• Records supplied:
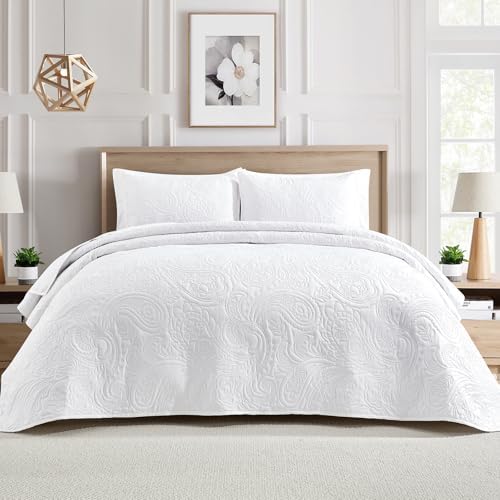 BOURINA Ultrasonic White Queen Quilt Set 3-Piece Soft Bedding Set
---
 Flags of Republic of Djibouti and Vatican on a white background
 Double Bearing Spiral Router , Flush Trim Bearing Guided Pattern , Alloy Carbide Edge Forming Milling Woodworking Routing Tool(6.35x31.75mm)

• Activity: Using the records above, copy word for word the line with "Flags of Republic", the line with "Double Bearing Spiral", and every line between them.

• Exercise solution:
 Flags of Republic of Djibouti and Vatican on a white background
 Double Bearing Spiral Router , Flush Trim Bearing Guided Pattern , Alloy Carbide Edge Forming Milling Woodworking Routing Tool(6.35x31.75mm)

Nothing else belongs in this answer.